Edited on March 8, 2012 at 8:52am
Robert Lux
Joined
Nov '10
Robert Lux

"Liberation" for identity politics means: the desire not to be thought of as abnormal.  So it will have be taught.   

Teaching children in public schools about the choiceworthiness of homosexuality approaches the nadir of irresponsibility. 

Or does it? 

Occasion was, just a few decades ago, that college conservatives regularly greeted campus "Gay & Lesbian Awareness Day" with "Incest and Bestiality Awareness Day."  Conservatives were intensely reviled for drawing such analogies -- deemed as they were grotesque calumnies because so unerringly beyond the pale, indeed divorced from anything that's even remotely feasible. 

Flash forward two decades, and -- surprise, surprise -- we have the über-prestigious Martha Nussbaum -- the doyenne of liberal, bien pensant rationality -- informing us that incest marriages should be accepted. (See p. 9-10 here).

So I eagerly look forward to the day when Ricochet has two conservatives chiding us rubes to "get with the times" in accepting incest, bestiality and polygamy. 

Nota bene: My venturing such a claim cannot be thought any more an impertinence -- a hypothetical ripped from cloud cuckoo-land -- than proffering analogies to incest could have been thought an impertinence just a decade or so ago, not to mention the impertinence... 

2/3

Robert Lux
Joined
Nov '10
Robert Lux

and rank implausibility of anyone a few generations ago merely concocting the idea of same-sex marriage as remotely possible as a public teaching.

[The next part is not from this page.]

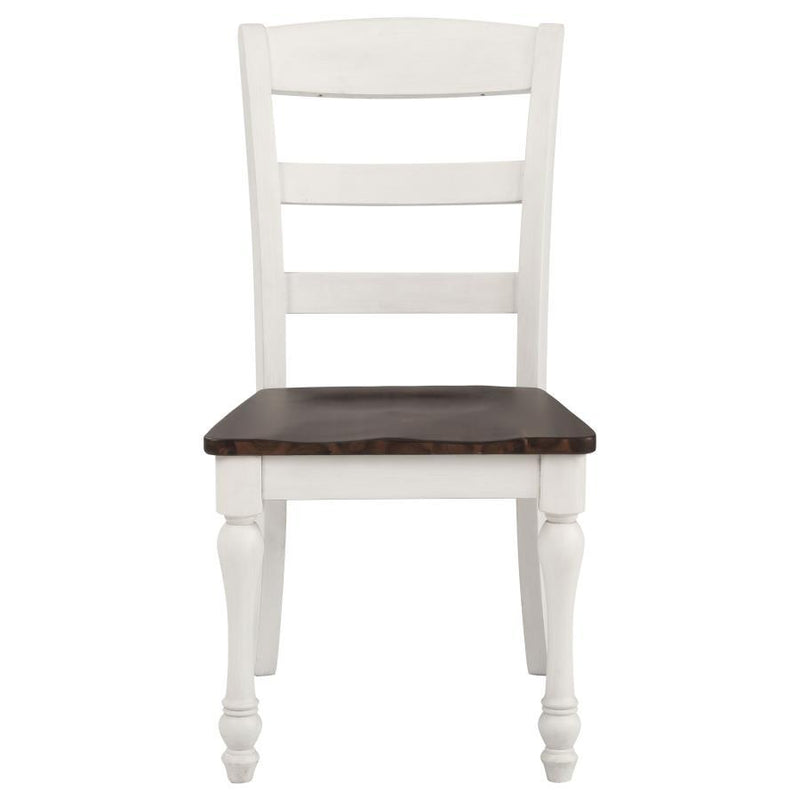 Madelyn - Ladder Back Side Chairs (Set of 2) - Dark Cocoa And Coastal White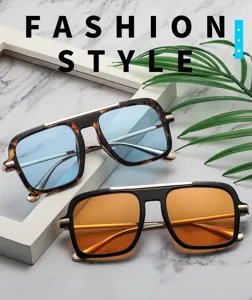 Retro Quadratische Sonnenbrille Damen Herren Metall Doppelsteg Sonnenbrillen.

Moreover, it's of no moment that Delingpole counts five of his most stalwart conservative friends as homosexual.  What we are talking about is a public teaching. Any generalized teaching of the conditions for public happiness cannot admit of exceptions when it comes to marriage between the sexes, as admitting of exceptions dissolves the public teaching of any meaning. To domesticate homosexuality is to domesticate all things (as the example of Nussbaum and incest shows), which is of course impossible. It is rank nihilism.  

It is one thing to have political differences in civil society. It is entirely another  to have serious differences over the very foundations of civil society itself. The latter is the negation of civil society.  

3/3

Cutlass
Joined
Apr '11
Cutlass

conversation on a litany of personal liberties including (but not limited to) drugs, drinking, guns, and you guess it -- gay marriage."

Sigh.

C'mon James, it's frustrating to see you include "gay marriage" on a list of "personal liberties."  Please tell me this was an innocent oversight and that I don't need to take time here - of all places - to point out that the question of which personal relationships deserve government recognition has absolutely nothing to do with personal liberty?  

If you favor the redefinition of marriage, I respect your view.  But as conservatives it is essential that we maintain a high standard of intellectual clarity and take care to never employ the linguistic dishonesty of the left.

A society is free to decide - wisely or unwisely - that the government should redefine marriage to include committed couples of the same-sex, but to suggest anyone has a "right" to the public sanction of marriage is as nonsensical as a "right" to free contraception.

This may seem a nitpick, but if we can derive one common lesson from last week's fallen - James Q. Wilson and Andrew Breitbart - it's that we ignore the small stuff at our peril.